MATERIAL FOR THIS TASK
>>>

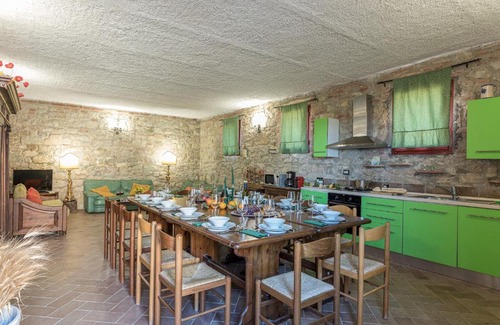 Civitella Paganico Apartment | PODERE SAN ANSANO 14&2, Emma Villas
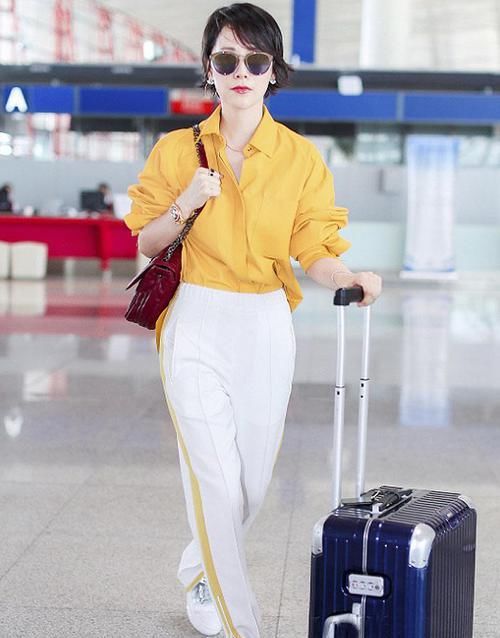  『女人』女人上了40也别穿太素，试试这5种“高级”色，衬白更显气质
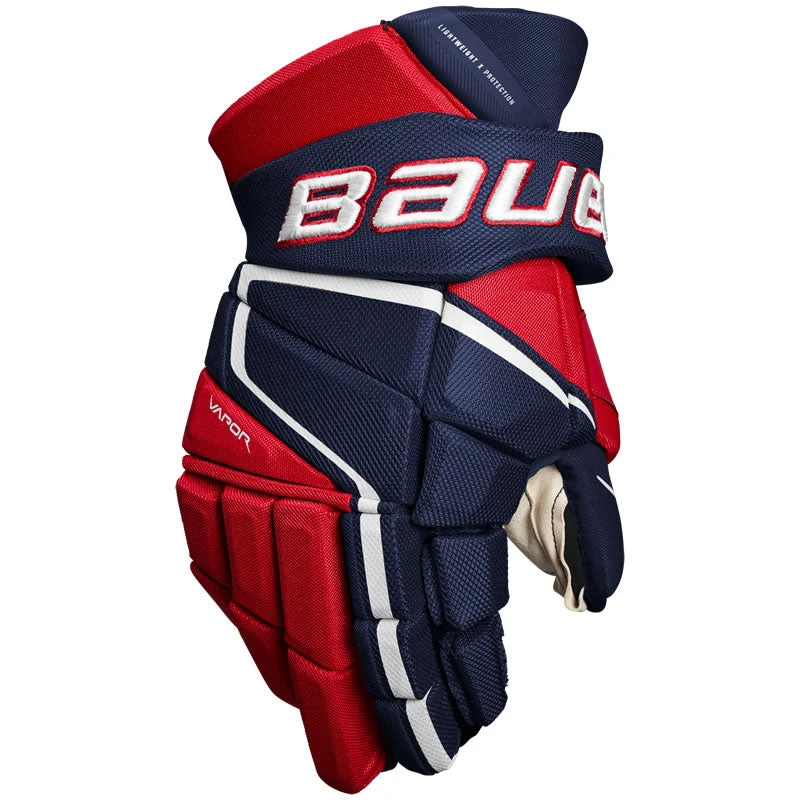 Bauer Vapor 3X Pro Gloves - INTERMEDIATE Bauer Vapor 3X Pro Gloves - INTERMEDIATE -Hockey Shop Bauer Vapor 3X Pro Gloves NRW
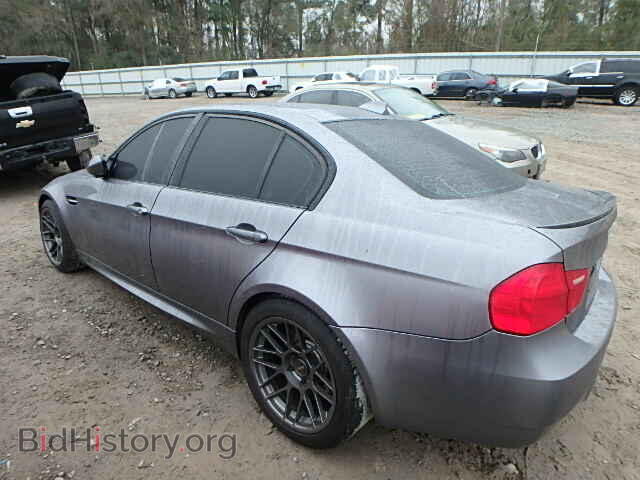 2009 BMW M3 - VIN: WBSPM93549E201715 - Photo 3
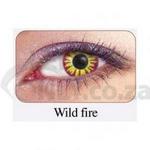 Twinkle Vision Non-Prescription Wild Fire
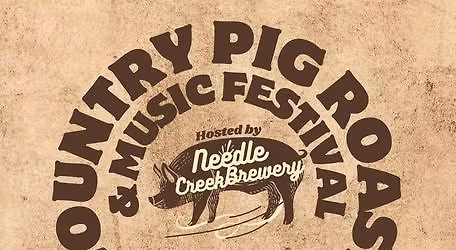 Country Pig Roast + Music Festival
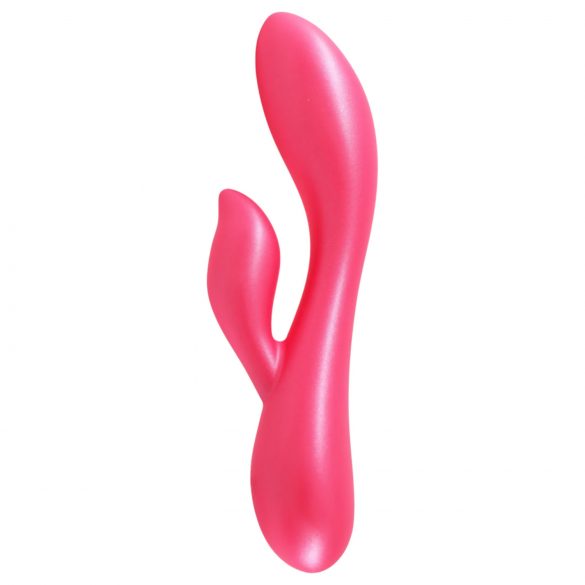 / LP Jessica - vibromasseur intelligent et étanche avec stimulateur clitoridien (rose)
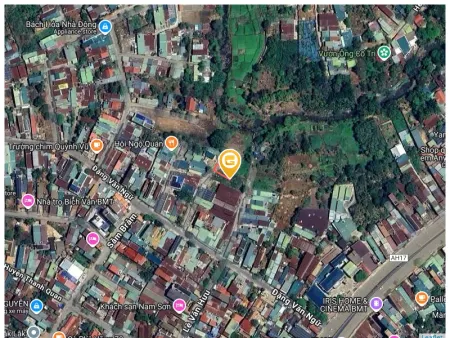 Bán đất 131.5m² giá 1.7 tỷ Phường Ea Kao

<<<

EXERCISE REQUIREMENTS
After locating the line that contains "stimulateur clitoridien (rose)", output it and all later lines through the end of the material exactly, leaving out pictures.

SOLUTION TO THIS EXERCISE
 / LP Jessica - vibromasseur intelligent et étanche avec stimulateur clitoridien (rose)
 Bán đất 131.5m² giá 1.7 tỷ Phường Ea Kao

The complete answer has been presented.